**TASK STATEMENT**
Only lines that contain the string "Snowy" should be returned from the material below.

**THE DATA**

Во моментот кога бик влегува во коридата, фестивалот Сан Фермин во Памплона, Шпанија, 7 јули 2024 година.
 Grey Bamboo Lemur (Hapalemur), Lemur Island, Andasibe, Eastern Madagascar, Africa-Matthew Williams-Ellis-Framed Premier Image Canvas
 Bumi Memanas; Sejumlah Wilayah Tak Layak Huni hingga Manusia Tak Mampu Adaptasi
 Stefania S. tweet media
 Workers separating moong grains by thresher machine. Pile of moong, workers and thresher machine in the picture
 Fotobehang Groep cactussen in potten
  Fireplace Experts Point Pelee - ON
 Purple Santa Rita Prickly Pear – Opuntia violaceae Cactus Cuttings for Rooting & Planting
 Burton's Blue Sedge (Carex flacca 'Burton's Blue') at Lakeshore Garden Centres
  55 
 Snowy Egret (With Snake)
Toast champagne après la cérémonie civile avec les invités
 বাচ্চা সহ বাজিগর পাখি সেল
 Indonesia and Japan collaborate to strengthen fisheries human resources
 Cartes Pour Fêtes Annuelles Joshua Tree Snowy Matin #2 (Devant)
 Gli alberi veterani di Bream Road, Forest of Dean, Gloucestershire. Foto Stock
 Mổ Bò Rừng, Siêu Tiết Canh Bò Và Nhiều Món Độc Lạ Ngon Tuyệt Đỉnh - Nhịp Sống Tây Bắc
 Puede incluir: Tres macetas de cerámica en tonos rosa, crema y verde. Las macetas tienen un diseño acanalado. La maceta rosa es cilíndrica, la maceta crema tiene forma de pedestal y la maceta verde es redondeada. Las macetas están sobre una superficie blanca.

**COMPLETED EXERCISE**
 Snowy Egret (With Snake)
 Cartes Pour Fêtes Annuelles Joshua Tree Snowy Matin #2 (Devant)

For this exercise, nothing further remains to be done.